Harsh realities do not support Novus’s uptick
The Caxton share price gained almost 5% on Wednesday for no apparent reason. Given that Novus also ticked up 2.56% it might just be down to generally strong investor sentiment. Certainly on the basis of operational performance there does seem to be support for a strengthening in the Caxton share price, but not much for an uptick at Novus.
From the beginning of April Caxton took over the printing of Media24’s newspapers in Gauteng. It also picked up the contract for printing Media24’s magazines in the Cape. The two contracts are extremely valuable and for years had been tightly controlled by Novus, which at one stage was a subsidiary of Media24.
Securing the contract gives Caxton an almost dominant position in Gauteng. Although it recently lost the contract to print for the Independent Group in Gauteng, Caxton now prints for Media24 as well as Tiso Blackstar (which publishes Business Day) and its own publication, The Citizen. The share is on an undemanding price:earnings ratio of 8.5 times, reflecting how out of favour old technology companies are.
At Novus things continue to look grim. It essentially threw away the Media24 contract by refusing to acknowledge the new realities of the situation.
The Novus board may have relied on the traditional hostilities between senior executives atMedia24/Naspers and Caxton to secure its hold on the valuable printing contract. But times and executives have changed and Media24 has reduced its stake in Novus to an unstrategic 19%.
Its relatively new shareholders, including Caxton with a 5% stake, will be hoping to see evidence of a long-promised pick-up in other areas, such as tissues and labels.
All sorts of creatures are spilling out of the woodwork following the pro- posed offer by Murray & Roberts for Aveng. It appears that Aveng — whose main Moolmans and McConnell Dowell engineering assets are seen to be complementary to the Murray & Roberts Cementation and Clough businesses — has attracted other potential bidders. For now, though, it is all very hush-hush. But there is talk of interest in certain Aveng assets by listed Australian parties and empowerment groups.
What has also come out of the woodwork is that Aveng’s management is not attractive to anyone, and the sooner it is out of the way, the sooner stakeholders will see value.

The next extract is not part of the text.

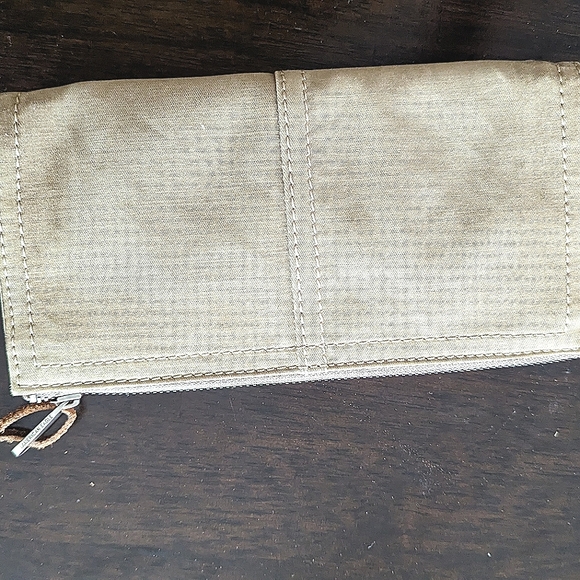 American Eagle Olive Brown Leather Wristlet - Picture 3 of 4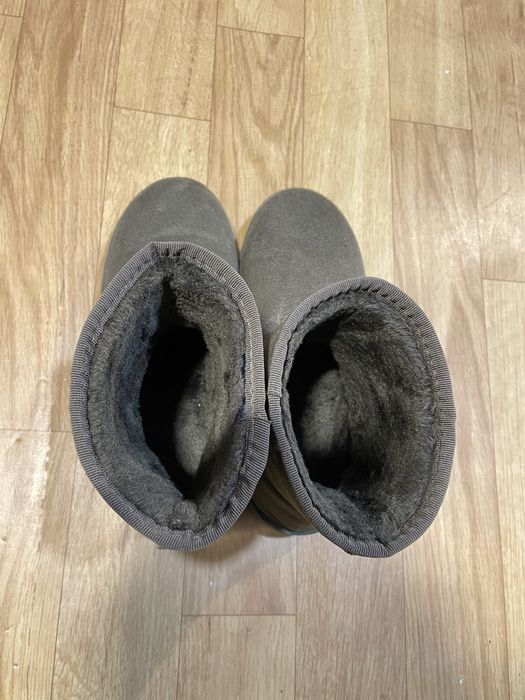 Жіночі черевики Уггі  UGG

It also appears that despite the dismal construction environment in SA, JSE-listed groups such as Aveng and Group Five have skidded mainly on foreign contracts.
The Kpone power station in Ghana has been deeply expensive for Group Five, while Aveng has had a number of contested projects in Australia. That means the wallowing domestic major infrastructure environment remains of keen interest to certain parties.
Aveng has hefty debt, which the Murray & Roberts proposed offer will partially clear up. But what may surprise many in the markets is that Aveng Trident Steel has been sold for R600m. This will help reduce the Aveng debt pile ahead of more creatures falling from the woodwork.